J’ai écrit cet album dans un moment où j’étais très heureux. C’était enivrant parce que je me donnais la parole.

Philémon Cimon

La parole, il l’a aussi prise publiquement au début de la pandémie en lançant avec son agente, Fannie Crépin, le mouvement Musique bleue pour une meilleure diffusion de la musique québécoise à la radio, qui a fait boule de neige. Fannie Crépin s’est ensuite aussi beaucoup engagée pour la parité pour les artistes féminines.
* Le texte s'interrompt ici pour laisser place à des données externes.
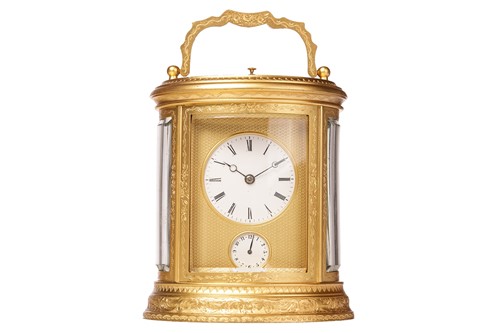 Lot 106 - Brunelot (?), an oval cased hour repeating...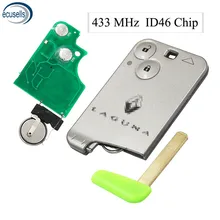 Chave controle remoto para cartão inteligente, chave 2 botões para renault laguna space vel satis 2001-2007 433mhz id46 chip pcf7947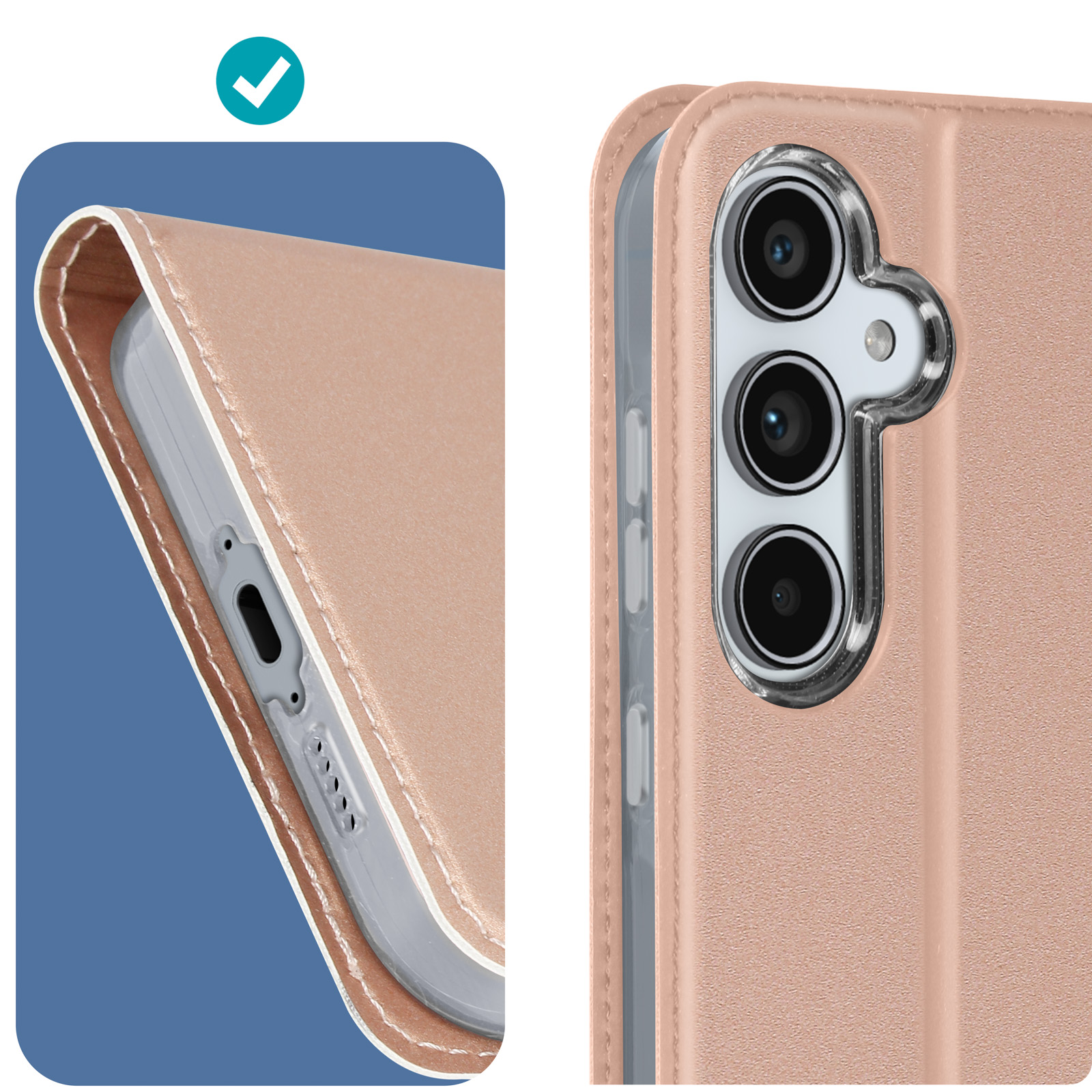 Étui de téléphone avec une coche. L'étui est rose clair et le téléphone a plusieurs caméras.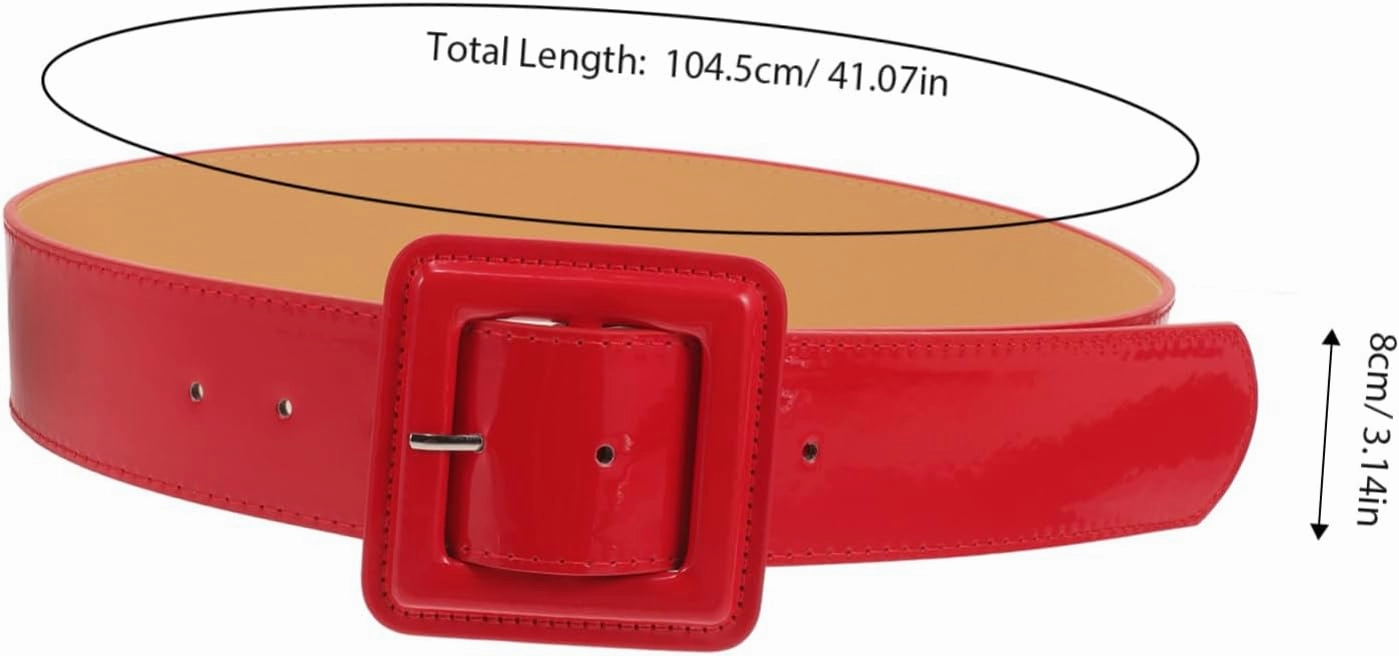 Leather Belt Women Patent Leather Belt Retro Wide Belts with Square Buckle Casual Ladies Belt for Jeans Dress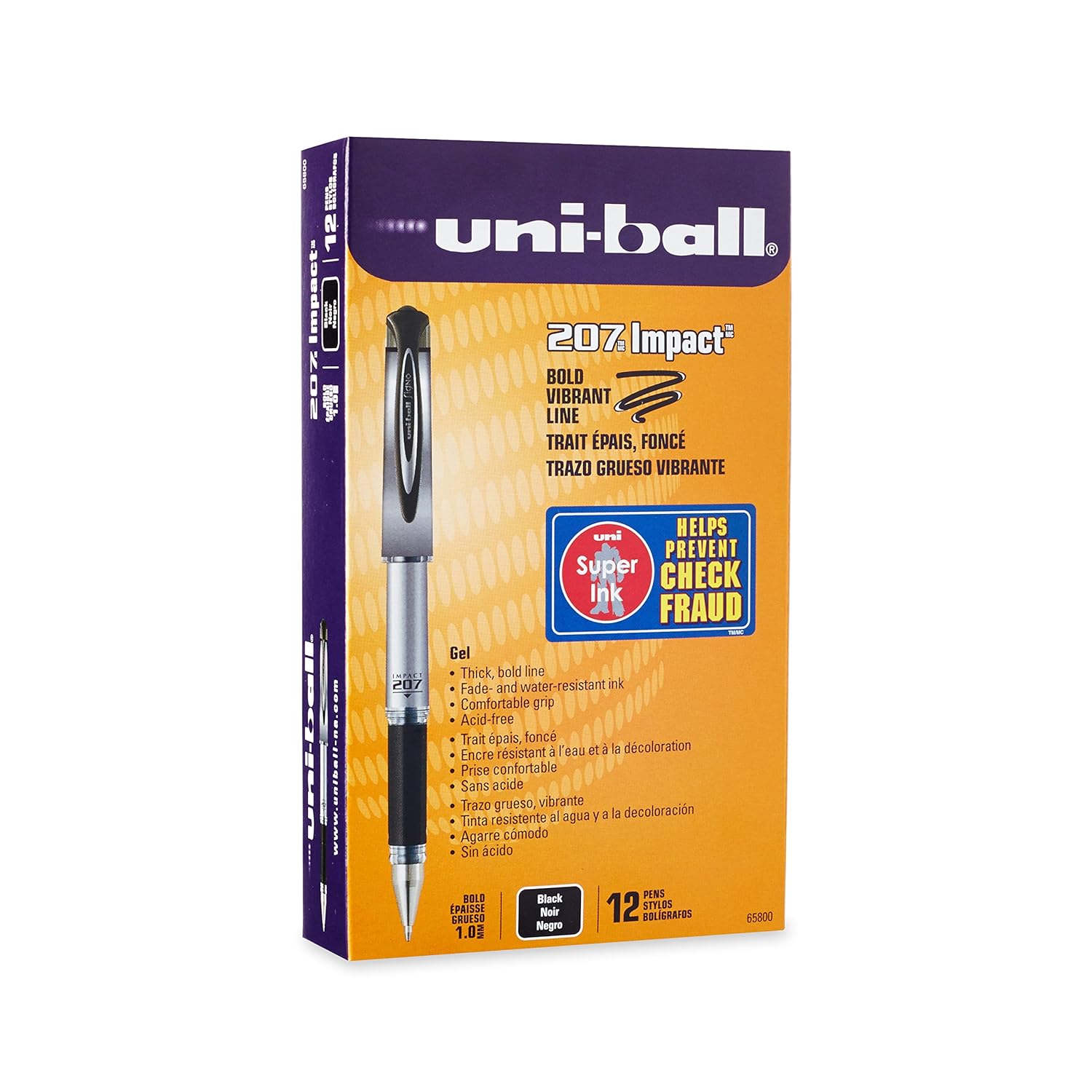 uni ball 207 Impact Gel Pens, Bold Point 1.0mm , Black, 12 Count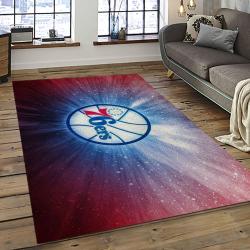 NBA Philadelphia 76ers Rectangle Rug Personalized Non-Slip Carpet Gift For Basketball Fans P7676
« C’était un cri qu’on avait envie de pousser, parce qu’on ne se croirait plus si on ne l’avait pas fait. Je ne sais pas si je suis fier, mais je suis content vraiment. Ç’a été une jouissance d’exercer ma parole, et pendant cette période, c’est devenu aussi important que mon projet de chanson. »

Faire la paix

Philémon Cimon retient une image en particulier de la pandémie. Il se revoit à la fin de l’été 2020, errant sans but dans Charlevoix au volant de sa voiture en écoutant du Jacques Brel, un chanteur qui l’a beaucoup accompagné vers la fin de son adolescence, mais dont il s’était détourné depuis.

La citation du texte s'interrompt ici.